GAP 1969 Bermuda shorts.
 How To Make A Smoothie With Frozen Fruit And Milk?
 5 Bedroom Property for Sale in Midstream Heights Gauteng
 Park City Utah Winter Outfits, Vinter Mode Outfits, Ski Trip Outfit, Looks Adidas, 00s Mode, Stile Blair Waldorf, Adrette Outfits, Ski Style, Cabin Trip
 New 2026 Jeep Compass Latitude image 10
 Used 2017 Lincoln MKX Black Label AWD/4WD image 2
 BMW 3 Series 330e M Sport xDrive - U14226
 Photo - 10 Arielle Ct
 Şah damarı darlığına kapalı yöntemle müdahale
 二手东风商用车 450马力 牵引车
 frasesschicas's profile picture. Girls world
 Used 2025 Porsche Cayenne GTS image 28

━━━━━━━━━━━━━━━━━━━━━━━━━━━━━━

#### WORK TO BE COMPLETED
Your response should consist of the full listing, exactly as written.

#### EXPECTED ANSWER
GAP 1969 Bermuda shorts.
 How To Make A Smoothie With Frozen Fruit And Milk?
 5 Bedroom Property for Sale in Midstream Heights Gauteng
 Park City Utah Winter Outfits, Vinter Mode Outfits, Ski Trip Outfit, Looks Adidas, 00s Mode, Stile Blair Waldorf, Adrette Outfits, Ski Style, Cabin Trip
 New 2026 Jeep Compass Latitude image 10
 Used 2017 Lincoln MKX Black Label AWD/4WD image 2
 BMW 3 Series 330e M Sport xDrive - U14226
 Photo - 10 Arielle Ct
 Şah damarı darlığına kapalı yöntemle müdahale
 二手东风商用车 450马力 牵引车
 frasesschicas's profile picture. Girls world
 Used 2025 Porsche Cayenne GTS image 28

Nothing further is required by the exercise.